◆ REQUIRED WORK ◆
Set every entry down again, unchanged, picture-free.

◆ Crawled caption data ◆
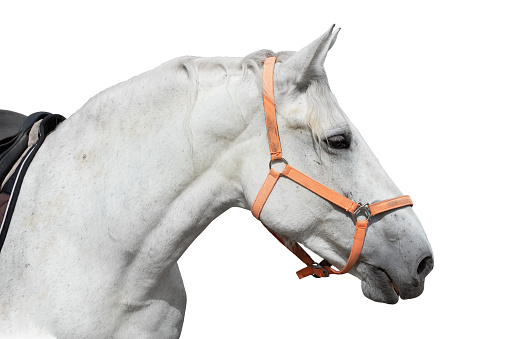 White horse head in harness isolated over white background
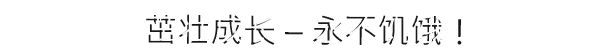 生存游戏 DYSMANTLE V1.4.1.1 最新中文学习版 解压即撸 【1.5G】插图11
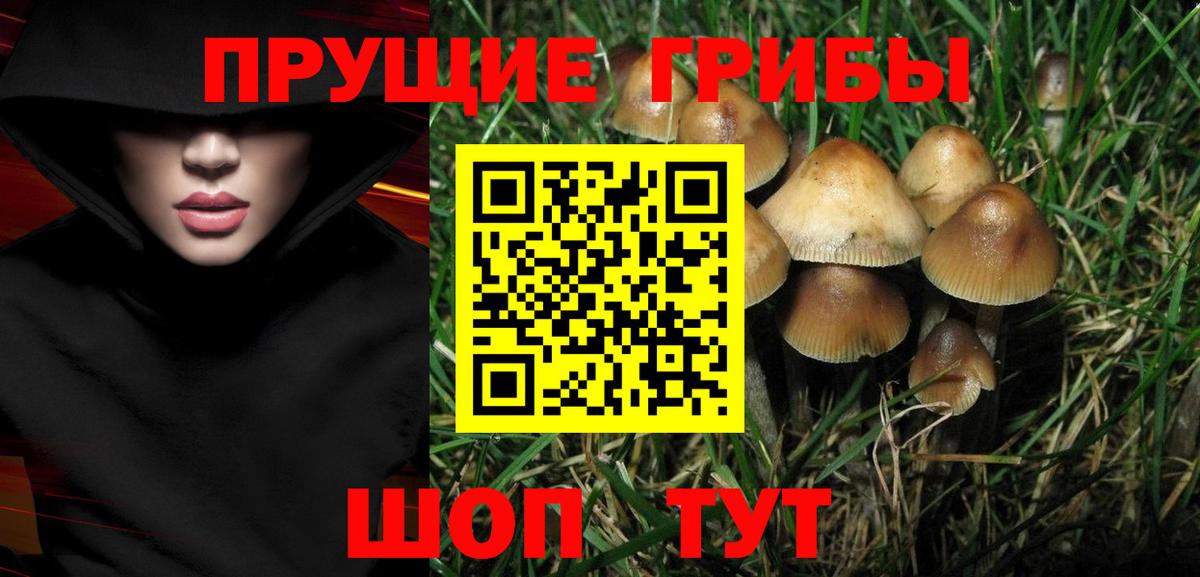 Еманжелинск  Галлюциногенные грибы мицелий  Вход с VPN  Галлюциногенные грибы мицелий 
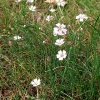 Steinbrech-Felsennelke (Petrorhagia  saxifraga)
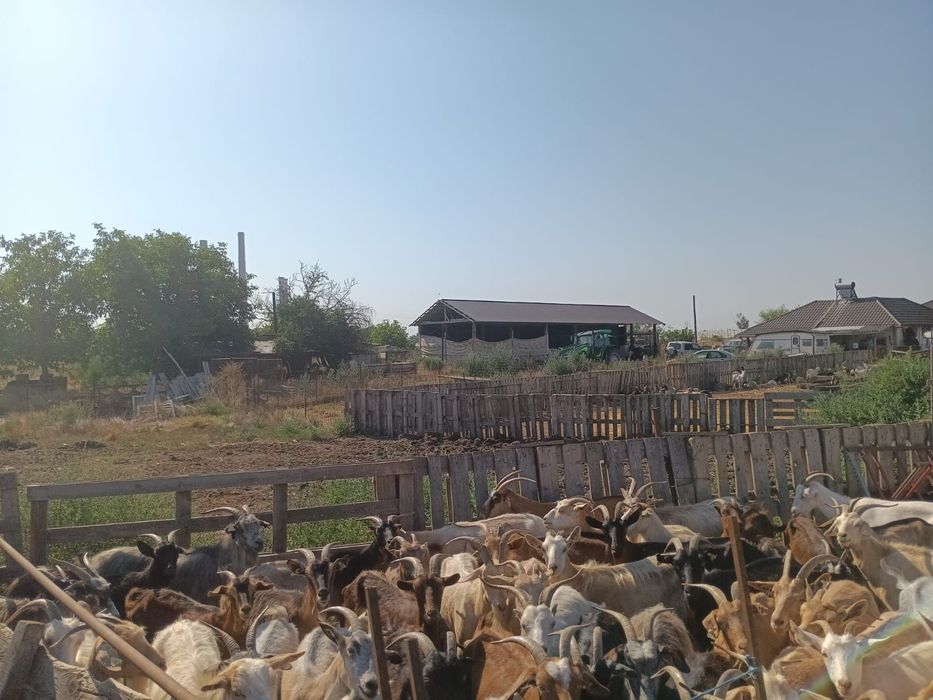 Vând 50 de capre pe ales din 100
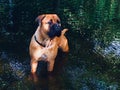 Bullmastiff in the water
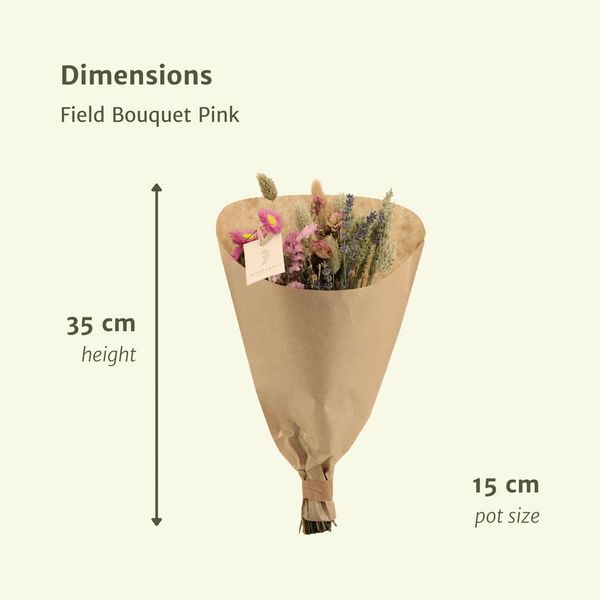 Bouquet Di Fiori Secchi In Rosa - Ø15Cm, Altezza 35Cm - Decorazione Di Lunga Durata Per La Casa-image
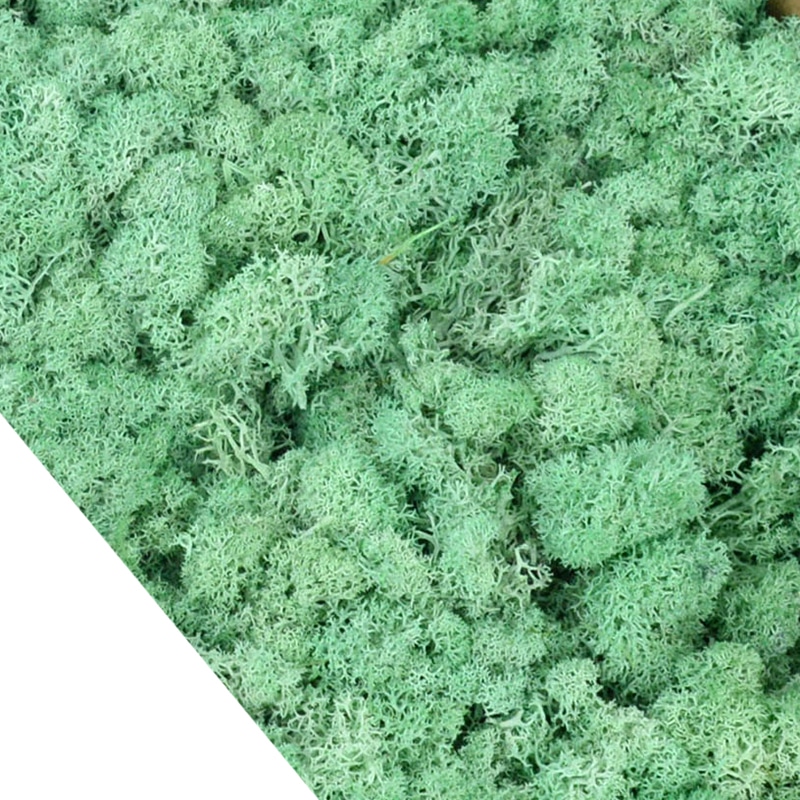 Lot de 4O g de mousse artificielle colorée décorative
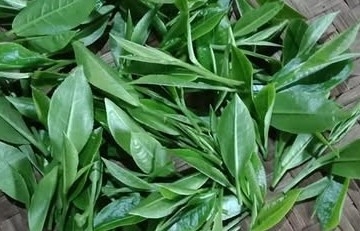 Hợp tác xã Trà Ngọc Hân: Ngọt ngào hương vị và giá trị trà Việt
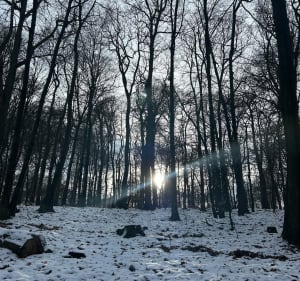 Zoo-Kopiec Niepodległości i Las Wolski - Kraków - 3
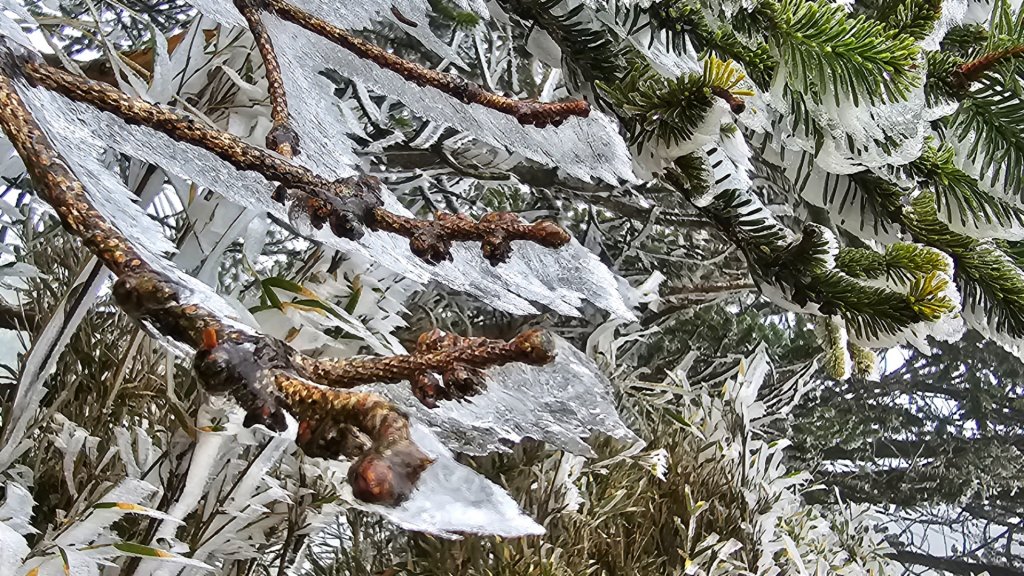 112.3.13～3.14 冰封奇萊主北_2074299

◆ ANSWER FOR THIS EXERCISE ◆
 White horse head in harness isolated over white background
 生存游戏 DYSMANTLE V1.4.1.1 最新中文学习版 解压即撸 【1.5G】插图11
 Еманжелинск  Галлюциногенные грибы мицелий  Вход с VPN  Галлюциногенные грибы мицелий 
 Steinbrech-Felsennelke (Petrorhagia  saxifraga)
 Vând 50 de capre pe ales din 100
 Bullmastiff in the water
 Bouquet Di Fiori Secchi In Rosa - Ø15Cm, Altezza 35Cm - Decorazione Di Lunga Durata Per La Casa-image
 Lot de 4O g de mousse artificielle colorée décorative
 Hợp tác xã Trà Ngọc Hân: Ngọt ngào hương vị và giá trị trà Việt
 Zoo-Kopiec Niepodległości i Las Wolski - Kraków - 3
 112.3.13～3.14 冰封奇萊主北_2074299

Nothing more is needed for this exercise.